### ABOUT THIS TASK
Only the lines from the one containing "Land Rover Defender 110 Urban Image 10" through the end of the entries should be returned, exactly as they are, with the pictures omitted.

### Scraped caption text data
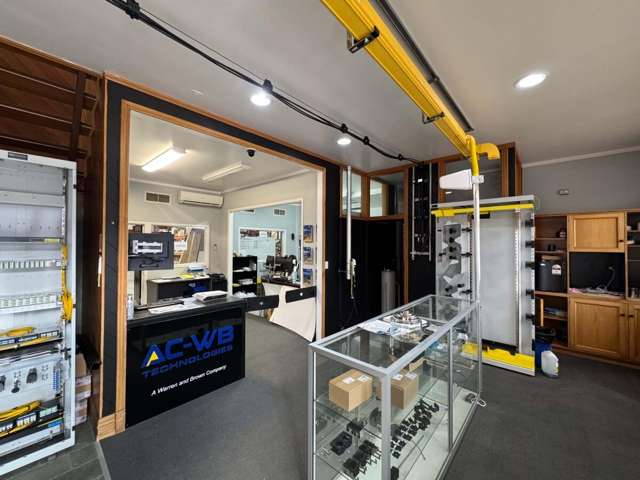 Unit 1 & 2 | 7 Old Wairoa Road Papakura_3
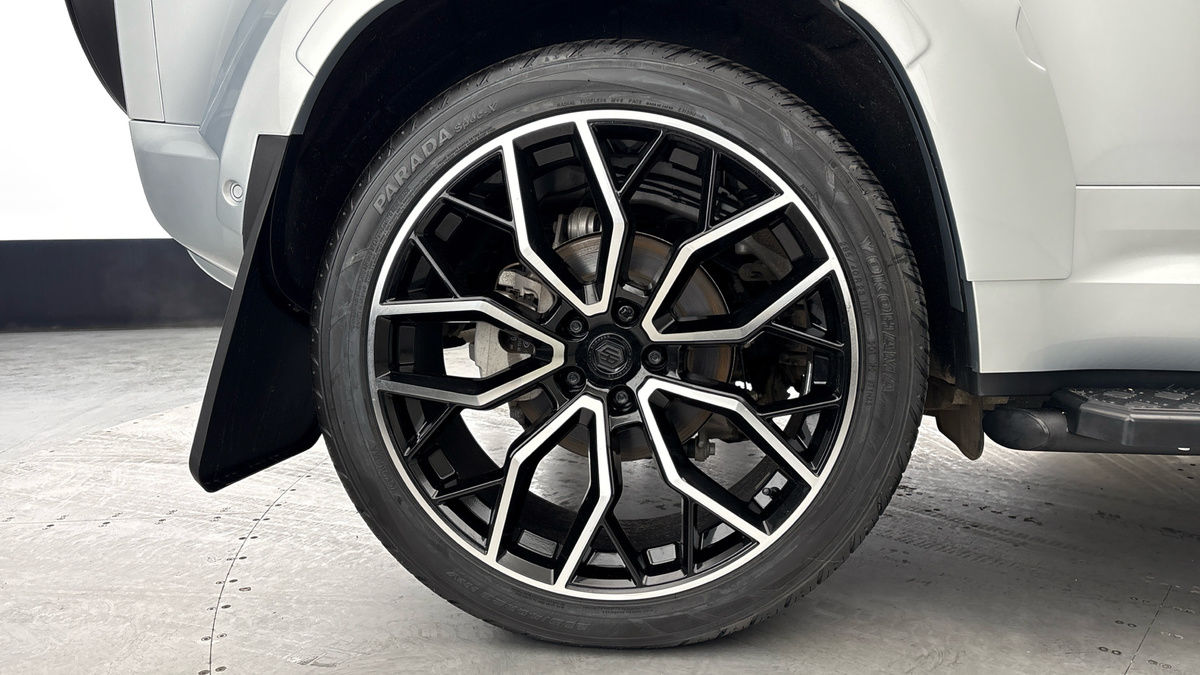 Land Rover Defender 110 Urban Image 10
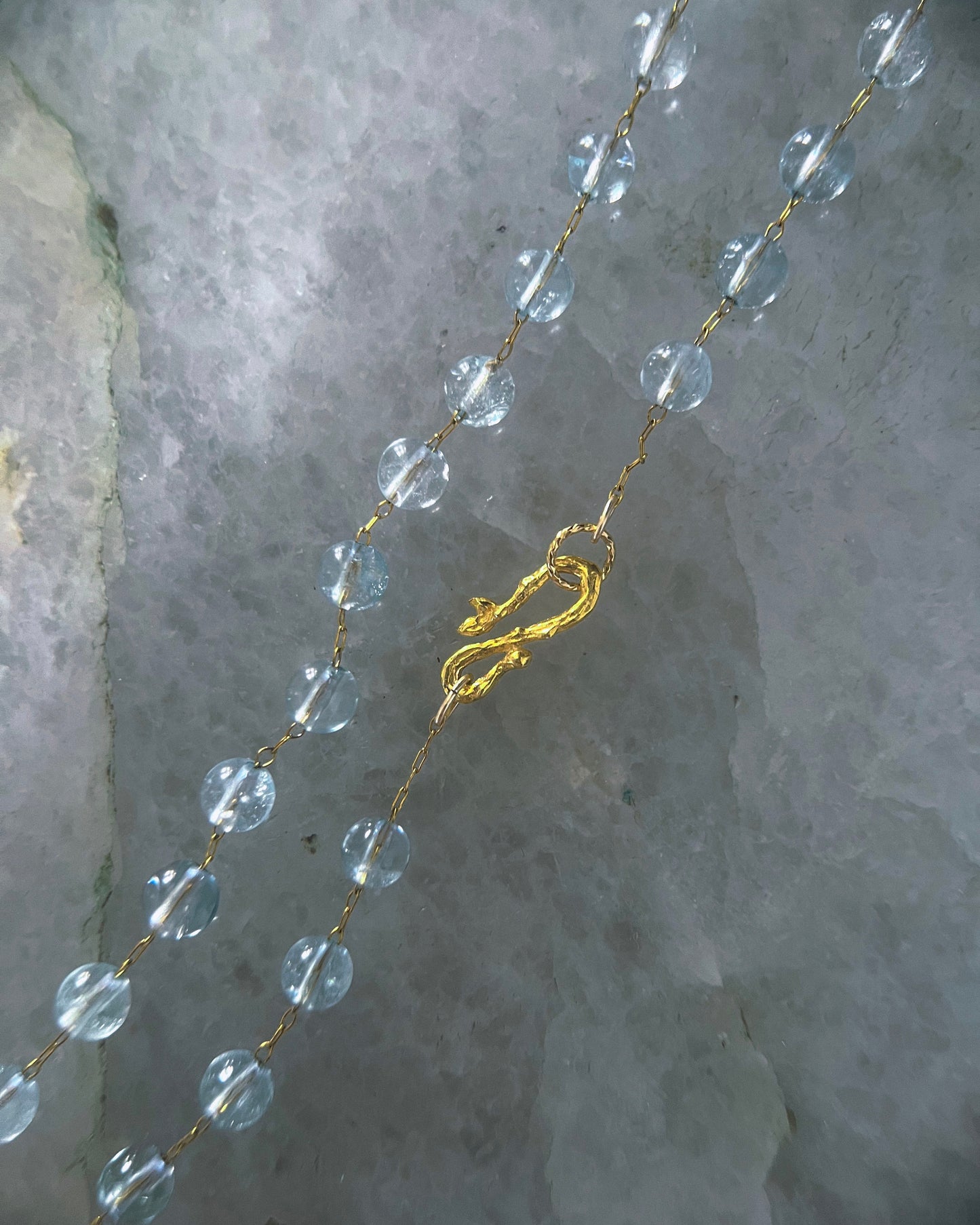 Dewdrops Chain Necklace ⋄ Blue Topaz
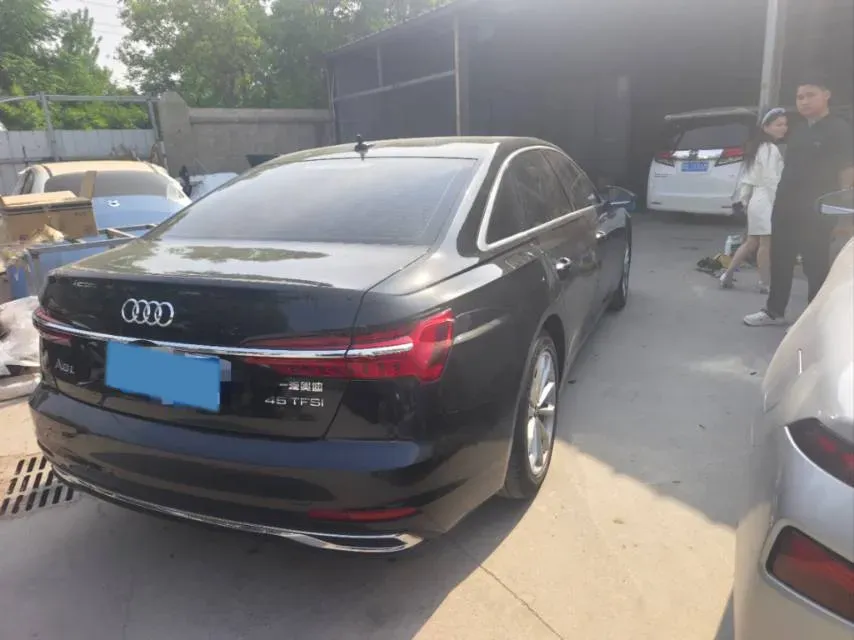 2022 Audi A6L 2.0T 190HP L4 7DCT,autocango,china used car exporter,china ev exporter,chinese used car exporter,chinese used ev exporter
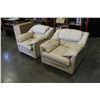 Image 2 : PAIR OF LEATHER ARM CHAIRS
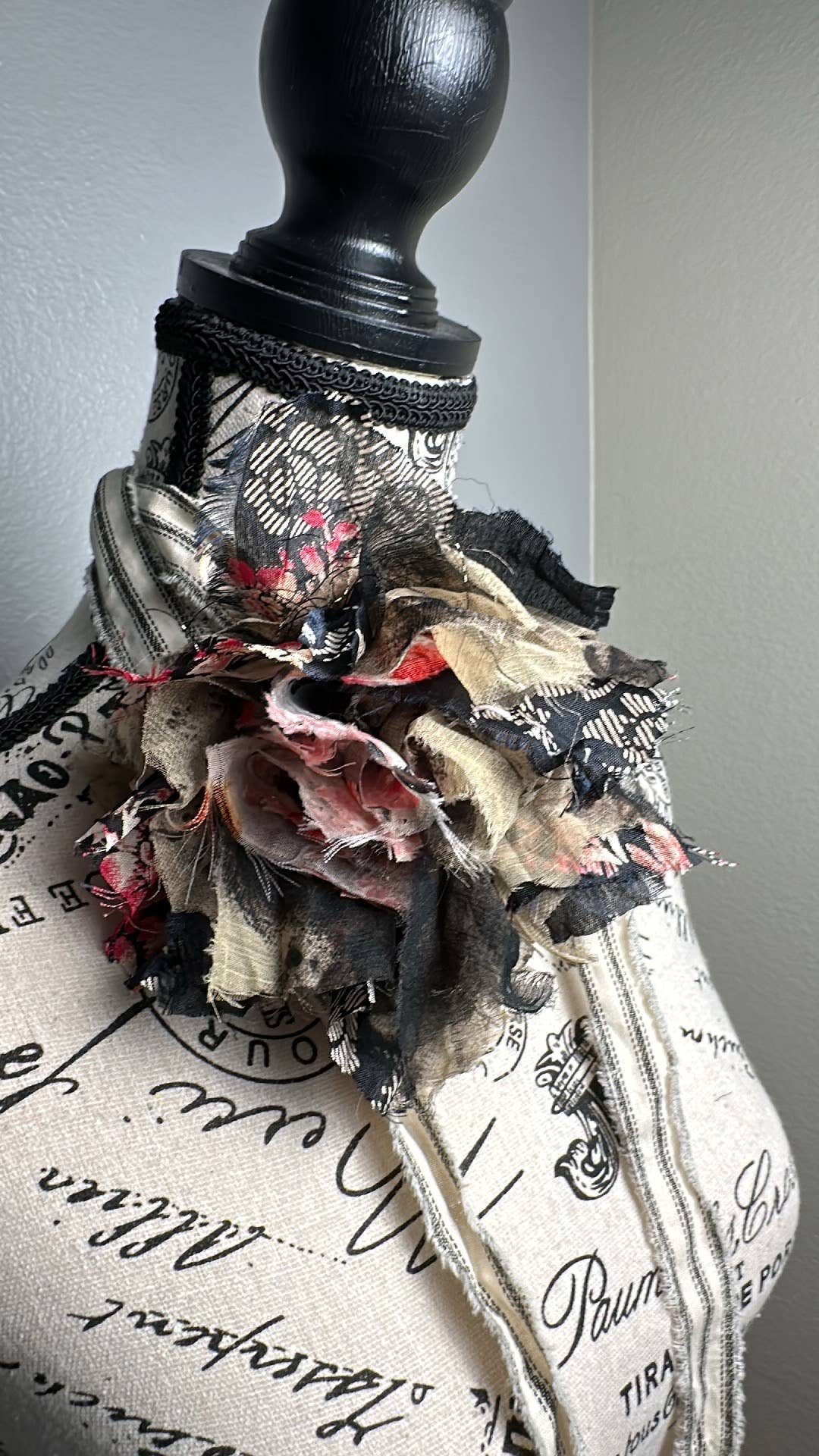 Floret Accessory - Hair Clip/Neck tie/Brooch - ivyandlavyboutique The Curated Raven
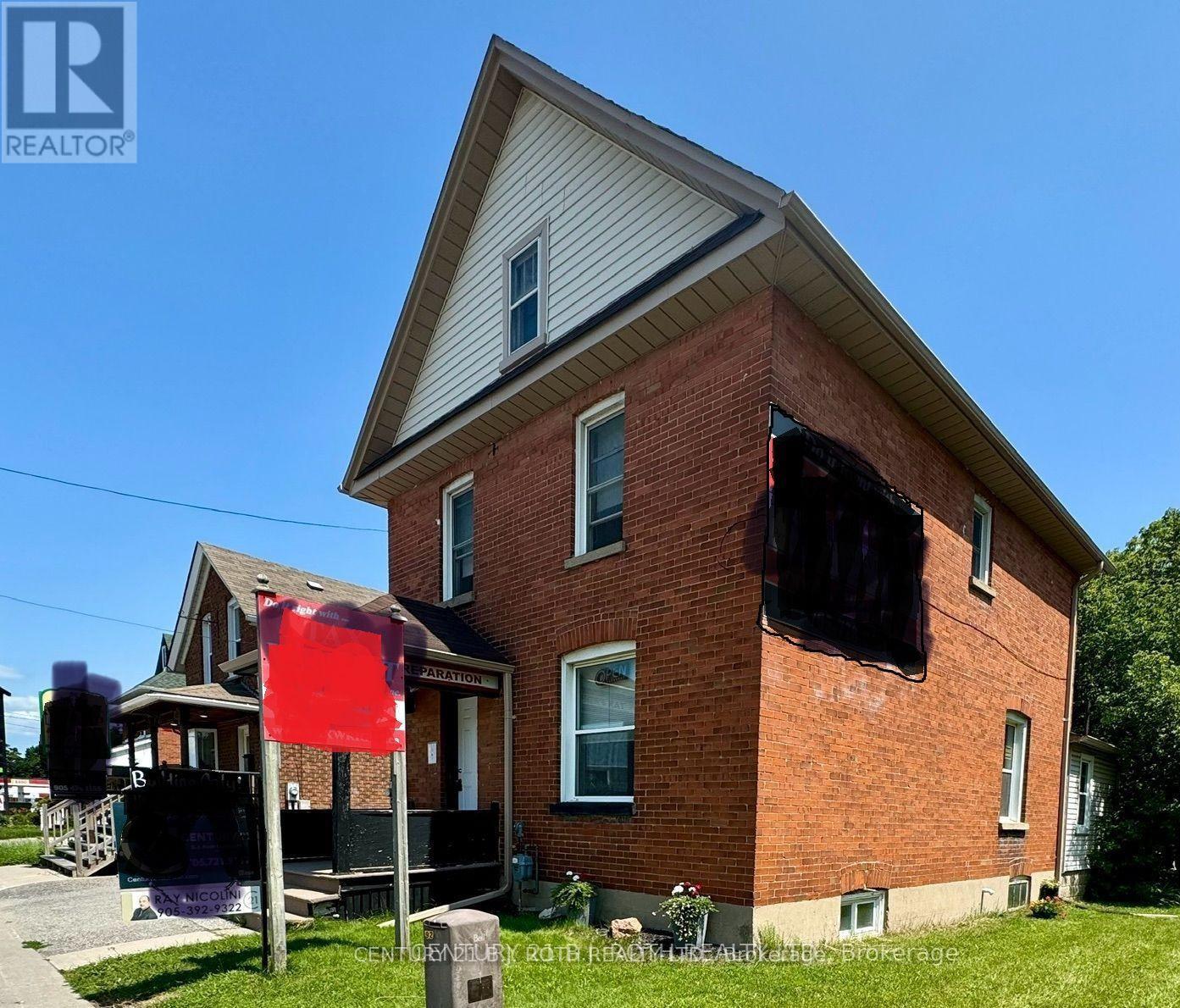 92 Essa Road, Barrie, Ontario  L4N 3K7 - Photo 3 - S12284839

### SOLUTION FOR THIS EXERCISE
 Land Rover Defender 110 Urban Image 10
 Dewdrops Chain Necklace ⋄ Blue Topaz
 2022 Audi A6L 2.0T 190HP L4 7DCT,autocango,china used car exporter,china ev exporter,chinese used car exporter,chinese used ev exporter
 Image 2 : PAIR OF LEATHER ARM CHAIRS
 Floret Accessory - Hair Clip/Neck tie/Brooch - ivyandlavyboutique The Curated Raven
 92 Essa Road, Barrie, Ontario  L4N 3K7 - Photo 3 - S12284839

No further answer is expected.